Tuesday, June 17, 2014

Various levels of fidelity

Oh, hello!

I am still unemployed. However, despite this uncertain, cloudy sensation of SO MUCH TIME PASSING, it has in reality only been 20 days. Thankfully, my freakouts have become intermittent as opposed to constant and gnawing. As of today, I've applied to 48 jobs. I have gotten no callbacks. If I wanted this kind of silent rejection, I would have gone into acting. Or been a real writer.

I've been doing my ever loving best to fill up my time in such a way that I don't feel like an utter dirtbag with no job. It helps that I have a part time job to fill up the hours on certain days. I've started an exercise program and I finally got around to getting rid of that old laptop that has been in my possession since 2007. I took a bike riding class last weekend and I have been practicing singing at the top of my lungs during the quiet afternoons in my apartment. The conversations I have with myself have progressed from scintillating to slightly disturbing and Facebook has become a tether to the working world. (You guys are just like me, always online but at least you are getting paid for it!) I'm all caught up on Orange is the New Black, Law and Order SVU, Kroll Show and Inside Amy Schumer. I've read like, four books and endless piles of magazines. I have enrolled in a thumb twiddle workshop and gave myself a part way decent pedicure. I take 6 supermarket trips during the week instead of my usual 3 and my emails to friends have become luxurious, self indulgent opuses that I usually get so embarrassed by that I end up deleting them and sending pared down versions with the bare minimum of "I'm doing just fine, yes. I am totally NOT daydreaming that I'll sprain my ankle but have no health insurance to fix it properly and walk with a limp the rest of my days, no. But yes, I'll totally take you up on your offer of dinner and lunch and drinks." (I honestly have the BEST friends ever.) I'm spending way too much time poring over job ads that say things like this:

"Comfortable in an agile environment of rapid iteration and experimentation, prototyping at various levels of fidelity."
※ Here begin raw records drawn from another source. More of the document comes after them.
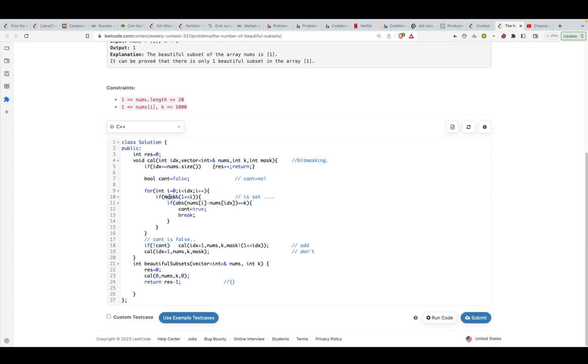I'll check if the current element has been set. If it has been set, then the criteria that should satisfy is that the difference of that element at index i and the difference of the current element should not be k, or the absolute difference should not be k.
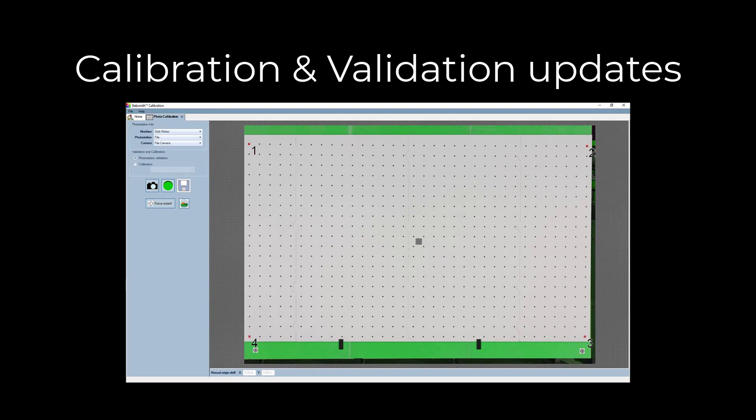Updates to the calibration engine and the interface allow for the error checking of camera movement and lighting changes across more than a single calibration thickness.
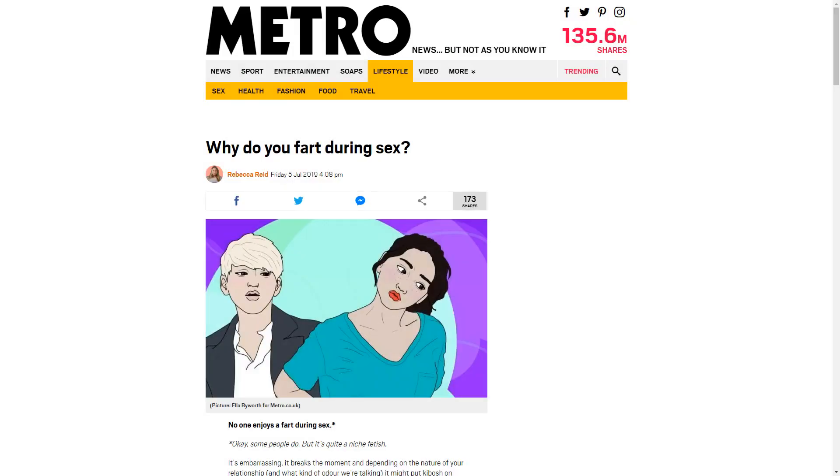Hey everybody, on this YouTube channel, you know we're always after the hard-hitting questions, right? We want to get down to them. We want to get to the bottom of these hard-hitting questions. And I think we're going to do that today, guys, with Rebecca Reid's great article, Why Do You Fart During Sex?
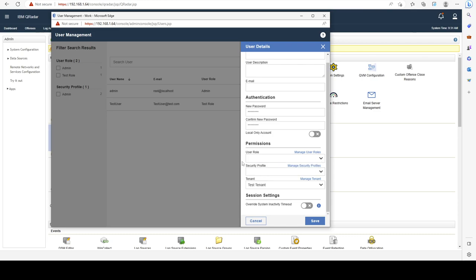And it's quite a simple thing. And basically, when you assign a tenant to a user, that user is going to be assigned to both the tenant and to the domain that your tenant is assigned to.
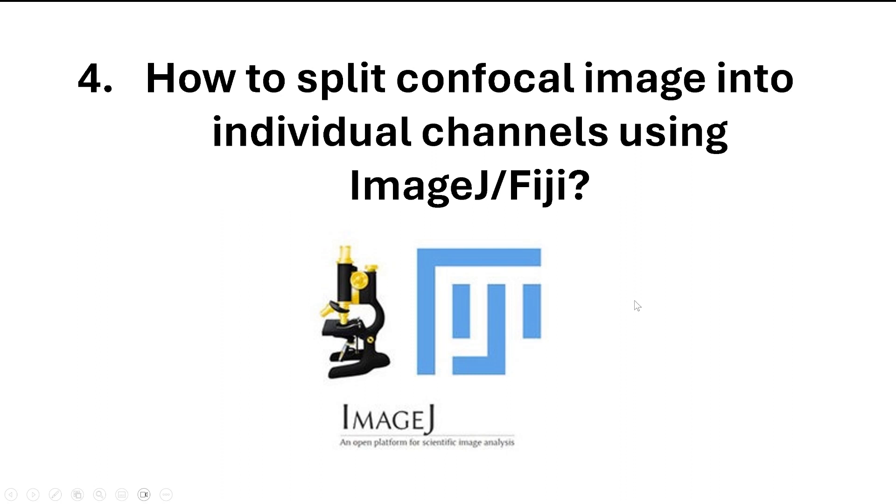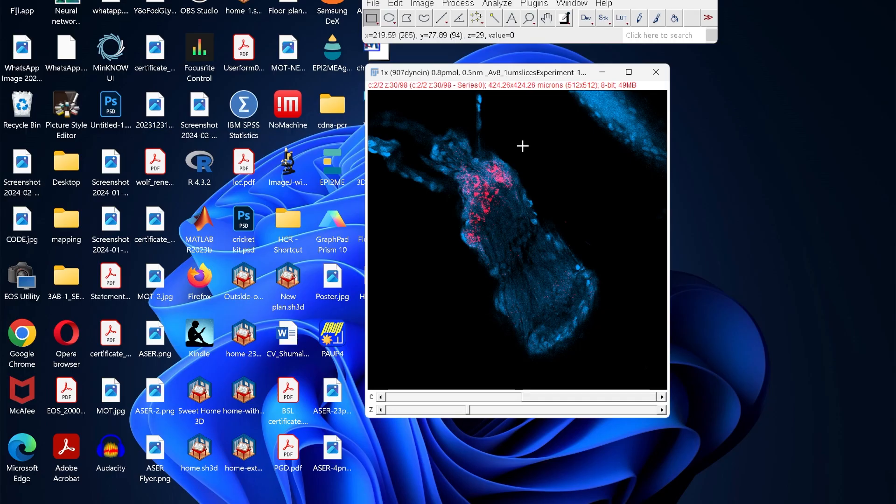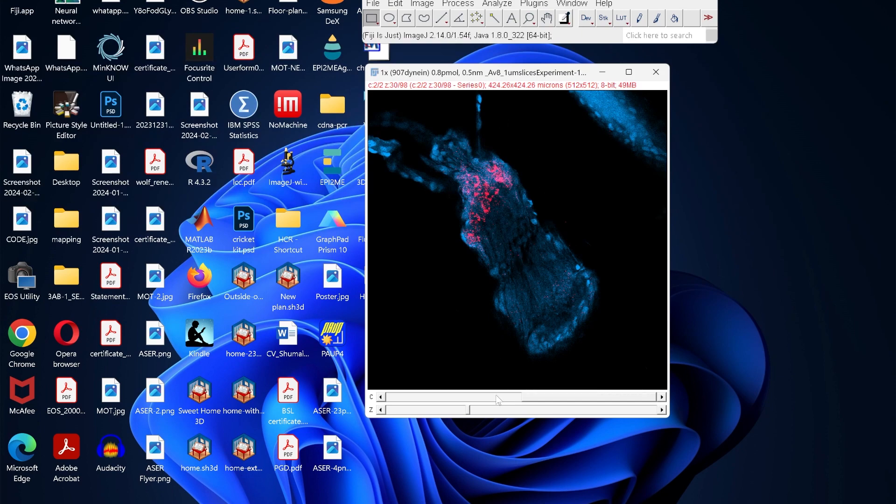How to split confocal image into individual channels using ImageJ or Fiji. Fluorescent confocal images are usually made of different channels.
as a requirement. And asking myself "AM I comfortable in an agile environment of rapid iteration? Should I put THAT on my resume?" I've been hanging out for hours with Jeff Buckley and Frank O'Hara and Wes Anderson, wondering if it is at all ironic that back in those not so long ago days when I was working 6 days a week, 13 hours a day, ALL I dreamed about was the ability to do exactly what I'm doing now which is a whole lot of bullshit nothing and doing it with abandon, accompanied by a cloying worry that I'll start talking to myself in public like Jasmine, only not as blonde and in a decidedly less designer homeless outfit.


Future me?


I'm tempering my free time with invented tasks of decluttering, organizing, writing, wining, channeling, planning, driving, walking and oh dear god I just need a job. I'm getting all Colonel Brandon up in here. "Give me a task or I shall go mad." My career is like Elinor, thrashing around on the bed of a really bad head cold.


Before he was the Governor, he was Colonel Brandon. Either way, he had jobs.

Look, all I'm saying is, please hire me. Is that too much to ask?